In Cafe de Flore, Vanessa Paradis plays the mother of Laurent (Marin Gerrier) a child with Down syndrome, who loves a classmate (Alice Dubois) with the same condition.

Café de Flore (In French with English subtitles)
Starring: Vanessa Paradis, Kevin Parent, Helene Florent, Evelyne Brochu
Directed and written by: Jean-Marc Vallée
Running time: 120 minutes
14A: Parental advisory: nudity, sexual content, adult themes
Four stars out of five
Love is a puzzle, but never more so than in Cafe de Flore, a delirious conundrum by Quebec filmmaker Jean-Marc Vallée that blends memory, music and deep attachment into a romance spanning decades.

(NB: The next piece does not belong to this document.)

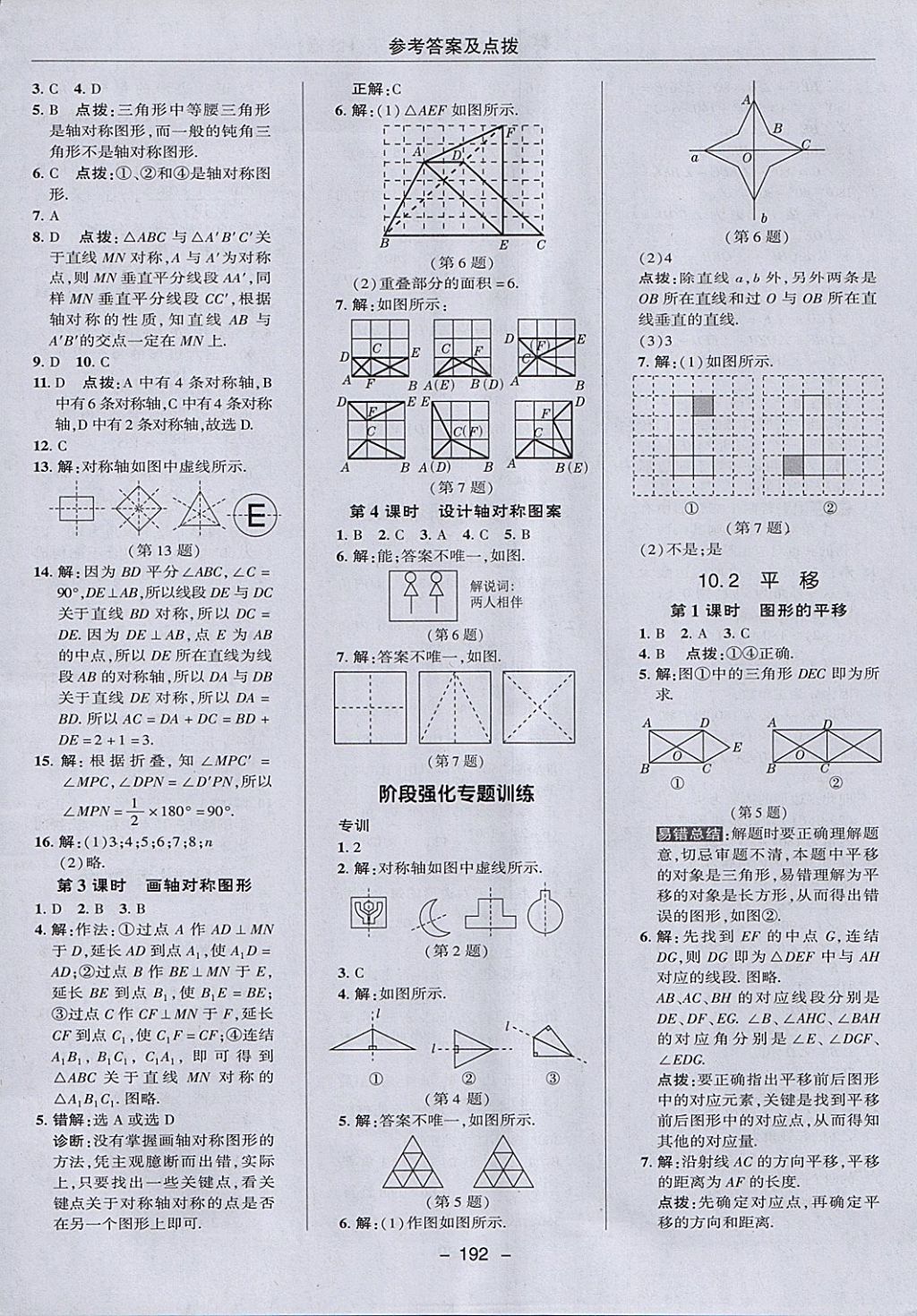 2018年綜合應(yīng)用創(chuàng)新題典中點七年級數(shù)學(xué)下冊華師大版 參考答案第44頁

This isn’t an easy film to understand, but it’s a simple one to luxuriate in.
It tells two stories whose connection is the central mystery, although it turns out to be no mystery at all.
That is because it’s about the various ways of love, which are much the same whether they’re in present-day Montreal or in Paris 40 years ago.
In the current story, Antoine (charismatic Québécois musician Kevin Parent) is a successful, healthy man with a beautiful girlfriend and two lovely daughters.
“A man with every reason to be happy and the lucidity to realize it” a voice-over tells us, rather charmingly.
Antoine is a DJ who travels the world, playing in slick, glitzy clubs and returning to sexy Rose (Evelyne Brochu), who is the second soulmate in his life.
He is separated from his first wife, Carole (Helene Florent), a slightly mystical beauty who smiles with a secret understanding. Carole is an idealized ex, a woman who thinks her husband’s new lover is alluring (“a fresh spring blossom”) and dismisses her friend’s loyal critiques about her alleged “fat ass.”
But Carole wanders in a mystical haze, devastated by the loss of her love. She sleepwalks, and has druggy reveries about driving in a car with a monster.
The second story is set in Paris in 1969. Jacqueline (a deglamorized Vanessa Paradis, the gap-toothed waif who is Johnny Depp’s real-life amour) has given birth to Laurent (Marin Garrier), a loving child with Down syndrome. Jacqueline is ferociously devoted to him.
They play together, she defends him against bullying, and she angrily insists that he stay in his regular classroom at school and not be sent to an institution.
“I won’t place my son with retards,” she says.
There is little she can do, however, when Laurent, all of 7, falls in love with his classmate, a Down syndrome girl.
They cling to one another with a frightening strength; soulmates of a different sort, or maybe not so different.
Vallee is a visual storyteller who joined memory with music in the coming-of-age-film C.R.A.Z.Y to stirring effect (his second film, the historical drama Young Victoria, was more conventional.)
In Cafe de Flore, he is plunging into visceral connections that float through silences, swim underwater in silent pools, jar you with quick cuts, and then join on some unseen level as dreams and fantasies drift into one another.
We might go to sleep in 1969 and wake up in 2011, faces replacing one another in a misty memory, but ears cocked to hear familiar songs. “I like to cut the sound,” Laurent says about his DJ technique.
“It gives more punch to what’s coming,” and Vallee does the same thing, creating montages linked by their emotional colours.
The dreamy music — Pink Floyd, the Icelandic group Sigur Ros — is dominated by a sweet tune called “Cafe de Flore”, taken from an old album of love themes called Music To Remember Her.
The secret of Cafe de Flore seems to come well into the third act, but the movie doesn’t cheat.
As in the 2005 film Cache, Michael Haneke’s elusive allegory of revenge and regret, we’re set up for a denouement that has a profound resonance.
It tells us (spoiler alert) that love never dies.